2 weeks after my son was born, I went to work. I was working 2 jobs and my husband was supposed to be taking care of our son. However, it was really hard for him so I oftentimes had to drop him and the baby off at my mom's house so she could help him. We ended up moving in with my mom and when my son was 3 months old, I found out I was pregnant with twins... My husband finally found a job and by the time I was put on bed rest for preclampsya (sp), he had decided to go back to school as well. However, we still lived with my parents until the girls were 6 months old when my mom moved to Mass, leaving the house to us to stay in. My husband proposed at this point and we got married that July but my parents refused to come to the wedding. My husband was working at a call center and things were going well so we got custody of his daughter.

My husband got restless and we ended up moving to Texas so we could be closer to my stepdaughter's mom. My husband refused to stay home with the kids but he couldn't find work and we had no place to stay. My parents were angry so I had to go stay in Oklahoma with his parents until we sorted things out. This was an okay situation but awkward because I had only seen his parents twice before I moved in with them. 

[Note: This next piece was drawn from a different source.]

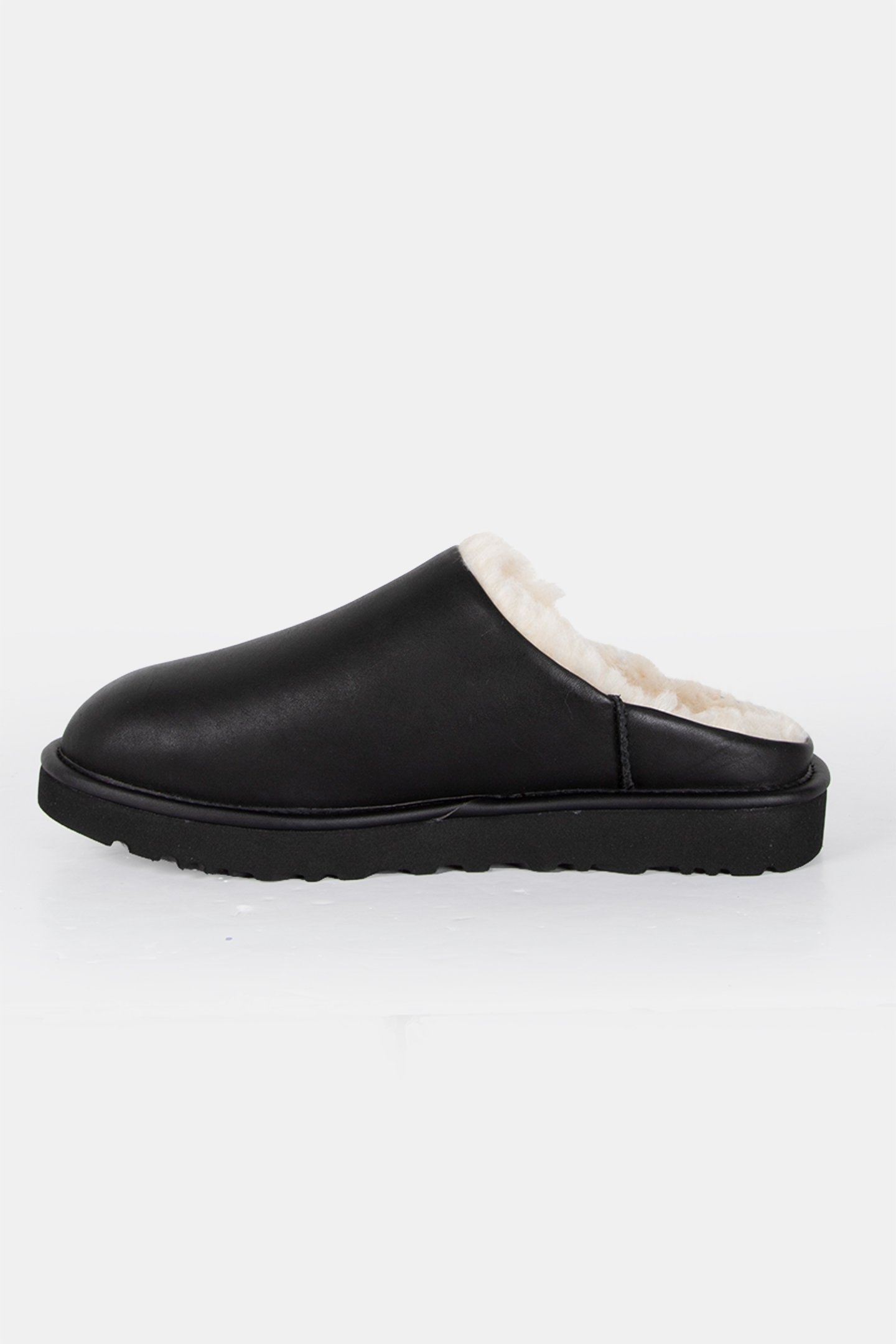 UGG – M CLASSIC SLIP-ON NOIR 2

Eventually, my husband gave up on finding work in Texas and moved to Oklahoma. He found electrical work and we rented a 5 bedroom house, bought a van, and got back on our feet financially. I began homeschooling my stepdaughter who has behavioral problems and things got tense between us. She was refusing to do anything I asked her, having emotional outbursts and banging her head on things, and pushing and hitting the younger children. During this time, my husband became very bitter to me. He blamed me for making him give up pot, criticized my skills as a mother and housewife, and generally became an angry person. I really think that everything that had happened was way too much for him and he didn't know how to cope.

In April, I moved to Louisiana with my three children, leaving my husband. As much as I love him, things were starting to get bad and even physical between us. It was a hard decision because my husband's mother left his father when he was 3 and he grew up without a father until he was 15. My husband begged me not to leave him and moved down here to try and convince me to stay with him. Of course, I ended up moving in with him.

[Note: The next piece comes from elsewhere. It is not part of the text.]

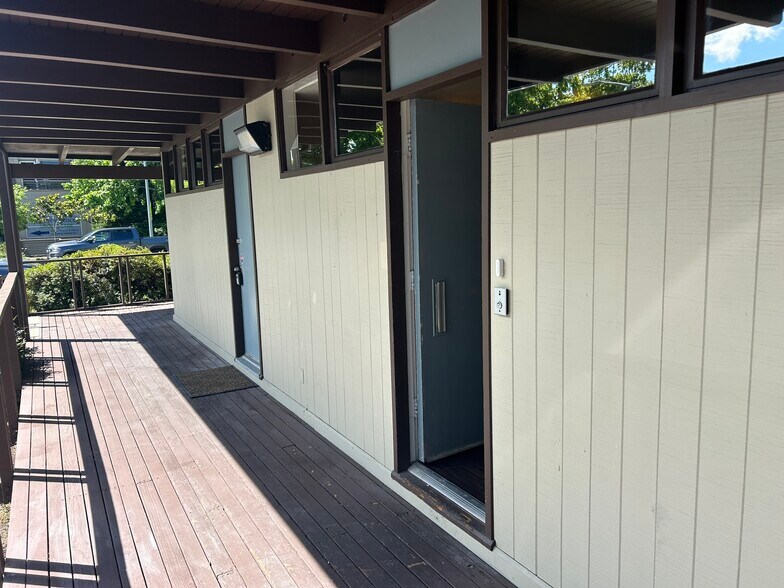 1421 Montgomery Dr, Santa Rosa, CA à louer - Photo du bâtiment - Image 2 de 10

When I moved in with him, he was working at an electrical place and making good money but shortly after, he lost his job. Now, he's working for his uncle to make ends meet. He is working 70 hours a week and barely bringing home $400 a week. I don't know if he's hiding money from me and buying weed or if that is what he is really making. Anyway, he is 10x more critical of me than he ever has been. I went out with my mom last night, and she bought me an outfit for his cousin's wedding. I brought it home to show him and he said it was trashy (its a dressy shirt that isn't even V necked so it shows no cleavage and a pair of dress pants), doesn't fit the "theme" of the wedding and that I am going to ruin the entire wedding if I wear it. This really hurt me because I have major body issues after giving birth to 3 kids in 2 years, I gained a lot of weight but this outfit makes me feel good. Somewhere during the "discussion" we had last night, he admitted that he does not love the person I am. He said that he is is in love with the person I used to be and that he keeps waiting for me to be like I was when we were first together. I tried to tell him that I am a mother now, not a party girl, and that if I was like I used to be then who would be responsible for our children? 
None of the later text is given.